If there is anything significant in Barbour's comments, it's the extent to which they reveal his basic indifference to surrounding injustice. Of course he doesn't see his local White Citizens Council as a white supremacist organization; he wasn't the target of social and economic intimidation by his town's business elites. Of course he doesn't remember the strife at Ole Miss during integration; no one told him that "nigger bitches needed to go home." That would be okay, if he could acknowledge his myopia. But he can't and instead, opts to believe in a mythical Mississippi, where state-condoned terrorism wasn't the norm for African Americans.
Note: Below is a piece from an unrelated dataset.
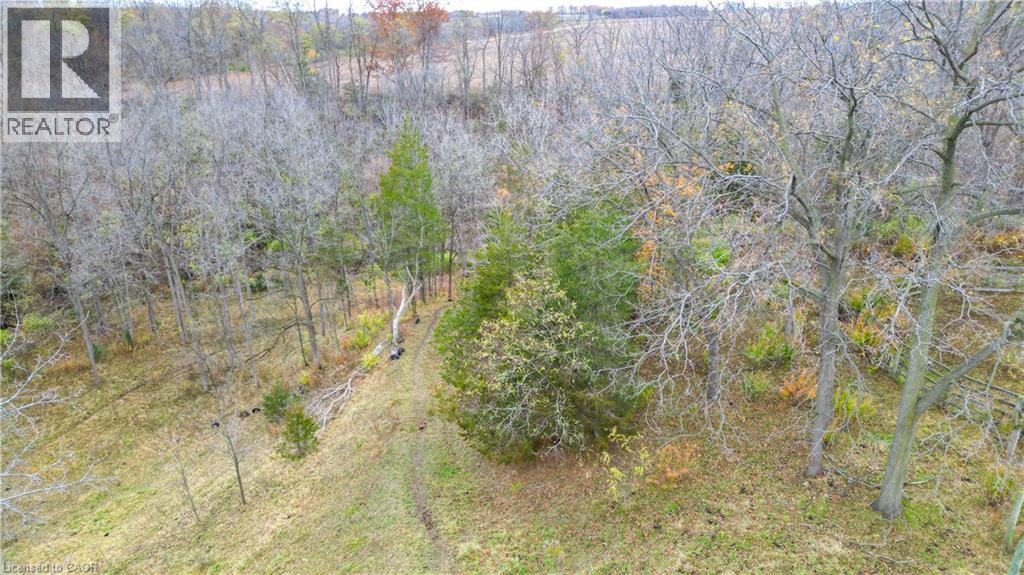 12667 Talbot Trail, Ridgetown, Ontario  N0P 2C0 - Photo 8 - 40789614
Relatedly, I'm amazed that Barbour is viewed as a viable presidential candidate. Adam tells me that he has real pull within the Republican establishment, as head of the Republican Governor's Association, and chairman of the Republican National Committee during the 1994 Republican Revolution. Still, Barbour is almost comically unsuited to facing Barack Obama in a presidential election. Where Obama is Spock, Barbour is Foghorn Leghorn, where Obama is cool, Barbour is gregarious, and where Obama represents a post-racial future, Barbour represents the divisive past. Without a poor economy to support his odds, Barbour would be the Mondale to Obama's Reagan.